Byzantine Museum and Monastery of Agios Neophytos

The Byzantine Museum of Pafos exhibits artefacts from the 7th to the 18th centuries, mainly icons. Among them is the 8th or 9th century icon of Agia Marina, one of the oldest found in Cyprus. The museum’s remarkable collection also includes wood carvings, ecclesiastical works of metallurgy, sacerdotal vestments and embroideries, manuscripts, old printed books and frescoes. It was set up in order to preserve, promote and study the inestimable treasures of Byzantine art scattered throughout the parishes of the Pafos diocese and enables visitors to get to know the Byzantine heritage of the Pafos area.

The monastery of Agios Neophytos, in Pafos, is one of the most important religious Monuments of Cyprus. It is both a place of pilgrimage and of great interest to visitors. It contains some of the finest Byzantine frescoes from the 12th to the 15th centuries. The later monastery church contains some of the best examples of post-Byzantine icons of the 16th century, and there is also a very interesting ecclesiastical museum. 

The monastery was built in the beginning of the 16th century on the side of a steep hill covered in dense vegetation, beside a deep gorge through which flows a torrent of water. The monastery is situated in Tala, a village about 10 kilometres north of Pafos town centre at an altitude of 412 metres. Its north-westerly facing position offers unique views. To the west of the monastery is the Engleistra (Place of Seclusion) which was initially a natural cave on the eastern slope of the hill. 

Inside the Engleistra, Saint Neophytos led a hermit’s life. He is considered to be one of the most significant figures of the Church of Cyprus. According to the 'Τipiki Diathiki' ('Typical Testament' ), which he composed in 1214, he moved into the small carved chapel in 1159. Neophytos turned the natural cave into a place of seclusion which consisted of two areas. One area was a small chapel dedicated to Timios Stavros ( Holy Cross) and the other was the Saint’s cell, in which he also carved his tomb. 

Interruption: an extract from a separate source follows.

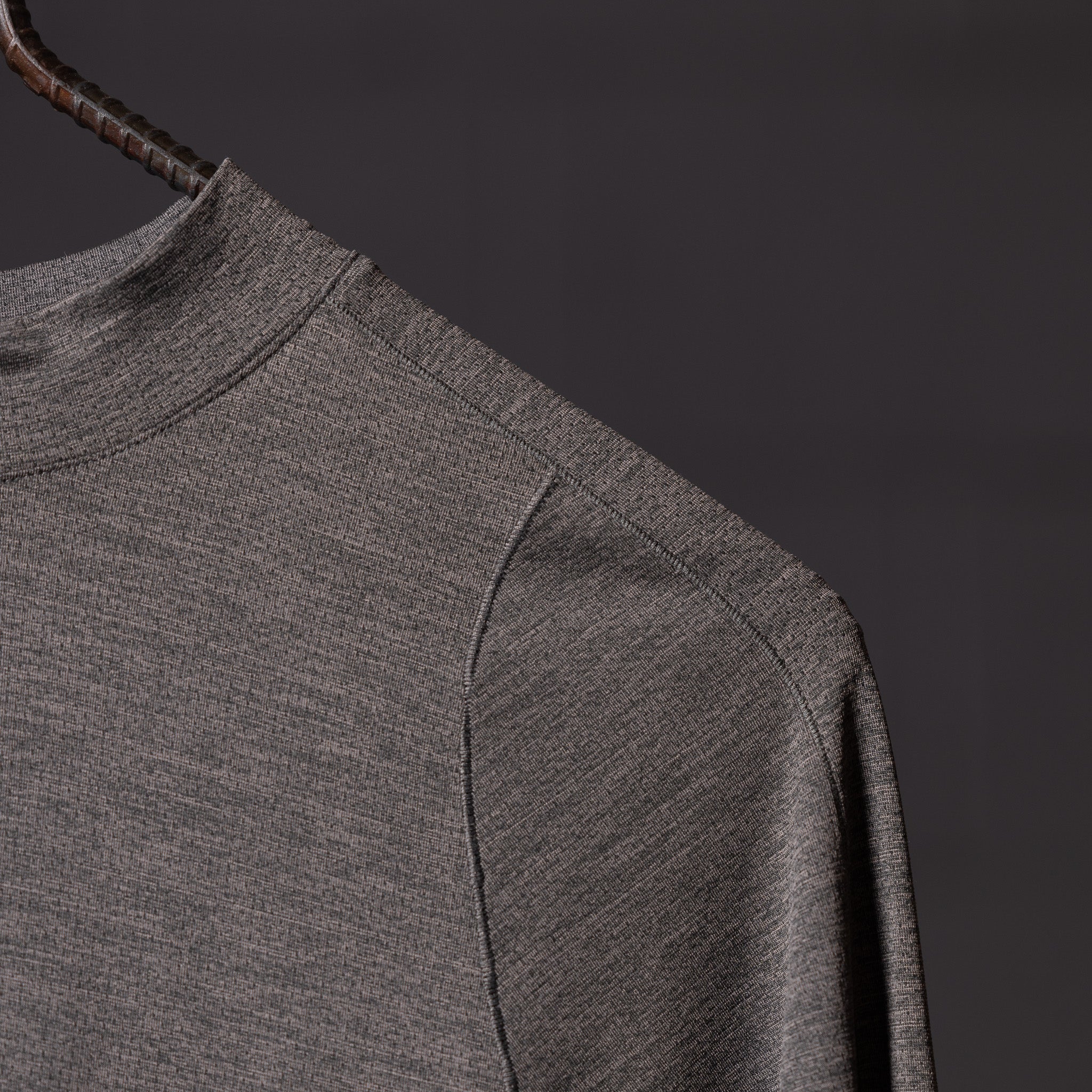 SP'22 Pro Long Sleeve - M - Discontinued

His cell communicated with the church’s bema. He confined himself in the Engleistra until 1170, when he was ordained priest by the Bishop of Pafos, Vasilios Kinnamos, spreading his fame throughout the island. Many monks gathered around him, forming a monastic community, for which Saint Neophytos composed the aforementioned 'Τipiki Diathiki' which comprised a set of rules related to the administration of the monastery. The Saint’s need for serenity and seclusion led him to carve another Engleistra higher on the rock, above the old chapel.